Another 12-year-old female shared that she had few explicit conversations with her parents about drugs, but based on her interpretations of punishments for other behaviors that were unrelated to ATODs and the general way she was raised, she “just knows” she would be “in big trouble” if ever caught experimenting. This particular young girl also perceived that her peers that were experimenting with tobacco and alcohol had parents who either knew about it and/or were permissive of it. This was pointed out to contrast with her parents’ messages. When asked if her parents talked to her about ATODs, she responded:
Not really, but I, they raised me well enough that I know not to do that stuff … Um, uh, I remember they, they taught me a lot of stuff – what was wrong and what was right – so I kinda know…and what trouble I could get into if I did. (O23)

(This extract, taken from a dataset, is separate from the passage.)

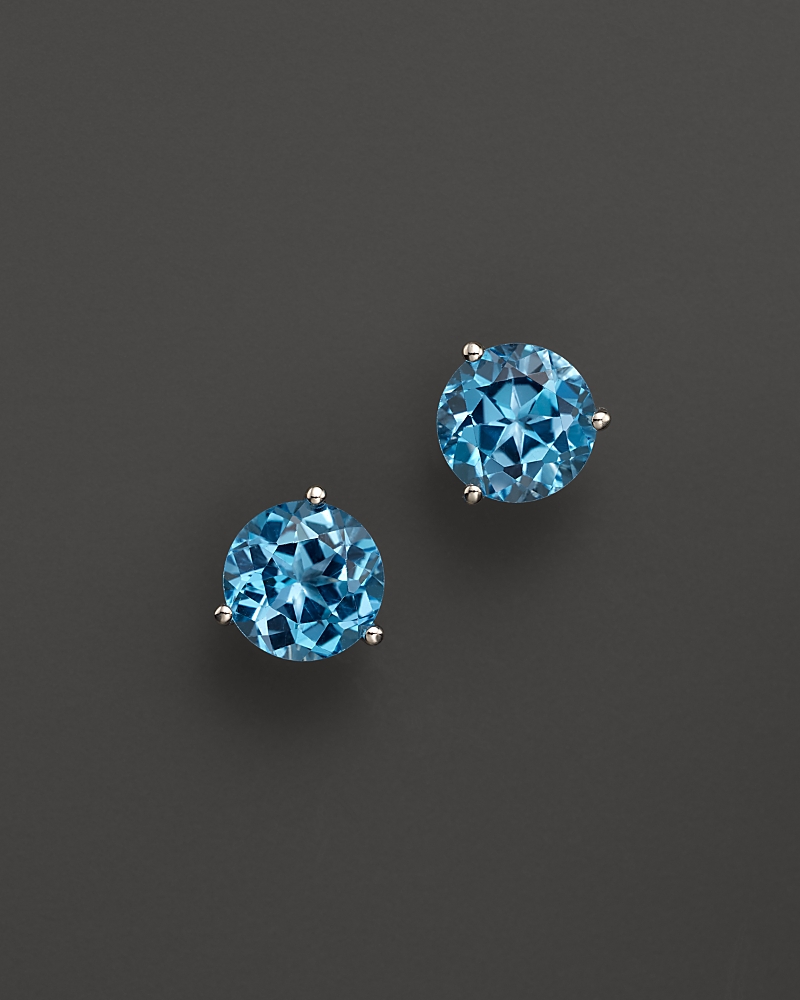 Blue Topaz Round Earrings in 14K White Gold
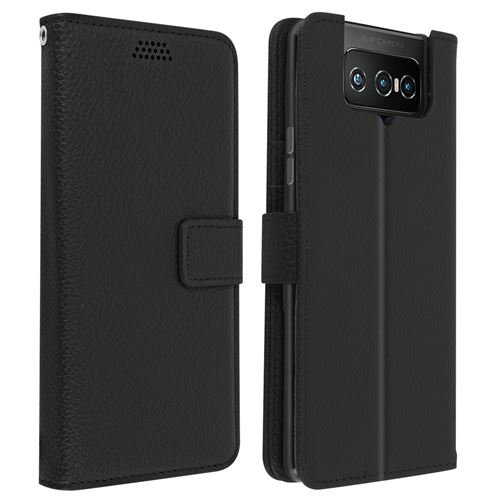 Avizar Housse pour Asus Zenfone 7 ZS670KS / 7 Pro ZS671KS Porte-carte Fonction Support Vidéo Dragonne Noir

Parents directly and indirectly communicated disapproval through their own abstention from ATOD use, and adolescents perceived their parents were positive influences on their choices to abstain. Some adolescents’ stories demonstrated perceptions of both direct and indirect parental messages and how they worked alternately at different times to construct one cohesive reality about ATODs, whereas many adolescents perceived that their parents generally either communicated explicitly or implicitly about ATODs.
Not all parents were disapproving of adolescent ATOD use. Some adolescents perceived their parents’ substance use (rather than abstention) and their messages about it as positive encouragement to also use ATODs.
Parents as a positive influence on adolescent experimentation
Some parents made offers of substances to their adolescents. When adolescents were provided with tobacco or alcohol by a parent, this tended to be interpreted as an explicit approval for the use of the substance. Additionally, other adolescents who were experimenting or regularly using ATODs themselves and witnessed parental use tended to articulate a construction that “everyone’s doing it in my family, and we have ways of doing it that make it okay.” For example, if the adolescent drank alcohol or smoked themselves, they saw their parents’ ATOD use as approval of their own use; that is, the message was that ATOD use was acceptable.
One young man from Ohio described his parents as a good influence because his parents only let him drink a little bit at a time and only at home with them. This was an explicit message of support in his opinion:
My mom, she’s like ‘don’t drink alcohol’ – like my mom, she says ‘don’t drink alcohol’ and ‘don’t be an alcoholic’ and stuff and – but she doesn’t care if like I have a drink or two; but then my dad, like if we’re at parties he’s, he lets me have a drink but he doesn’t want me to be an alcoholic or get drunk or anything like just like a sip of drink – beer or alcohol or … (O30)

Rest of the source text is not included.